▶ **PROVIDED RECORDS**:

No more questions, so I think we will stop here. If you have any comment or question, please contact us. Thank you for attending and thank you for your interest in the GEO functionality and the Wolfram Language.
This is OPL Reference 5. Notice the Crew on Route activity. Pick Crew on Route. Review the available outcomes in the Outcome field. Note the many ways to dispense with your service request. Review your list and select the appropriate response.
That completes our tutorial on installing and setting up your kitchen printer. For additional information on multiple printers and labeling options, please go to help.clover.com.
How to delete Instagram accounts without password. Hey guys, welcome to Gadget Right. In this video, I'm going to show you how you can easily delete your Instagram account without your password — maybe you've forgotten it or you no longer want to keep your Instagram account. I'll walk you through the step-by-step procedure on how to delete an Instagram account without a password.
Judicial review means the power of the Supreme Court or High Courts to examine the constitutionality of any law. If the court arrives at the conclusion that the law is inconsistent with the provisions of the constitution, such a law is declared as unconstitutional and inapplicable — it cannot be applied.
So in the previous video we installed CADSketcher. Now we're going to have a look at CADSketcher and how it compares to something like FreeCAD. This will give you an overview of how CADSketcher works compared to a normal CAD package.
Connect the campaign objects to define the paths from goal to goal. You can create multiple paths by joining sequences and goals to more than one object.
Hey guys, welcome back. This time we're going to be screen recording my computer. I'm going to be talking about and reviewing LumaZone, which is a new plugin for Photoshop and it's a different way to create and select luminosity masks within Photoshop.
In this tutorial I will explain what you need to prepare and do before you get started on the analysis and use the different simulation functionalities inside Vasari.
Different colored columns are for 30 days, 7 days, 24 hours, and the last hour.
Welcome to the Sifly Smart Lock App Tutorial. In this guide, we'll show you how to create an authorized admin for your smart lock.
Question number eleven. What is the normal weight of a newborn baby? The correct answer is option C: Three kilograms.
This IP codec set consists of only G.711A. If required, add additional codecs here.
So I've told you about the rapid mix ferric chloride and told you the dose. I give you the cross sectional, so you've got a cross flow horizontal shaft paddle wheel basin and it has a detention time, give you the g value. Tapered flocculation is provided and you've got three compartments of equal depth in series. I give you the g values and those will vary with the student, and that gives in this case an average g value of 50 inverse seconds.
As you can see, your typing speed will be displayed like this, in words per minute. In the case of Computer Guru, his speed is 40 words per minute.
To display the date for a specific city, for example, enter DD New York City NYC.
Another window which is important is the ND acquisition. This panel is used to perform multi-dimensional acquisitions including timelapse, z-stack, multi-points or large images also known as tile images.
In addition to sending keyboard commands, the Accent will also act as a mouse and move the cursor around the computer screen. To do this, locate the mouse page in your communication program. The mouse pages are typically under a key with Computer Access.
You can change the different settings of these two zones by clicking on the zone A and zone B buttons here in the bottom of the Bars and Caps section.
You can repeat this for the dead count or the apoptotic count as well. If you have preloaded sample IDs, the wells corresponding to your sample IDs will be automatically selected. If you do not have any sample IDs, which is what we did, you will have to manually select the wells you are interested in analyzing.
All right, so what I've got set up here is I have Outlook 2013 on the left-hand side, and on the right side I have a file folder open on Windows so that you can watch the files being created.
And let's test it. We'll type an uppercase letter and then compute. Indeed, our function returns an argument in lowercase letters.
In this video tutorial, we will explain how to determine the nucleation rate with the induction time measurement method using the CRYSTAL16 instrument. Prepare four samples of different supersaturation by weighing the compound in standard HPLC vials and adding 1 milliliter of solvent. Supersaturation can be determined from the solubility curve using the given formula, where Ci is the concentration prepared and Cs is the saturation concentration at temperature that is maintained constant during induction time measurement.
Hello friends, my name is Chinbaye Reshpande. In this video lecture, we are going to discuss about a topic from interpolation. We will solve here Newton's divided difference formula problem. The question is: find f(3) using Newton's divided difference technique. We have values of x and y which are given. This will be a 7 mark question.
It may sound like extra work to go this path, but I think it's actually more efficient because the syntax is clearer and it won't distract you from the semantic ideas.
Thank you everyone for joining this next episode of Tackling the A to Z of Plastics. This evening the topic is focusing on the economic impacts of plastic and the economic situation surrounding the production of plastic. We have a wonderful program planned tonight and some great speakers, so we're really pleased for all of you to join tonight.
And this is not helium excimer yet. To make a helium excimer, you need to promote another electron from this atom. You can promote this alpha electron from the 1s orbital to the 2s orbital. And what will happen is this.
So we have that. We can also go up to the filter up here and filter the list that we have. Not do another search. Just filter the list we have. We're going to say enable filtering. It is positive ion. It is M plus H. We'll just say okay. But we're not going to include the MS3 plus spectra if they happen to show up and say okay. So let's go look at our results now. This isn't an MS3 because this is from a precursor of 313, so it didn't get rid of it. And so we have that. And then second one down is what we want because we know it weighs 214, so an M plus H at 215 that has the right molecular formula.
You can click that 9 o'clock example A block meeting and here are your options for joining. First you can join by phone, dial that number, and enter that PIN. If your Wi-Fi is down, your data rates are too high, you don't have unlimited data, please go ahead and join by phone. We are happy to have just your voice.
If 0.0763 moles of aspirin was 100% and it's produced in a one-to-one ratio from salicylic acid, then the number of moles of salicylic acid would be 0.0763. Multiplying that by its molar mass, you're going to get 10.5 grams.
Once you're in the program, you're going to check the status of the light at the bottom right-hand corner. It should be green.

▶ **ASSIGNMENT**: Look back at the entries above and repeat, unchanged, every line from the line holding "To display the" through the line holding "Another window which".

▶ **SOLUTION TO THIS PROBLEM**:
To display the date for a specific city, for example, enter DD New York City NYC.
Another window which is important is the ND acquisition. This panel is used to perform multi-dimensional acquisitions including timelapse, z-stack, multi-points or large images also known as tile images.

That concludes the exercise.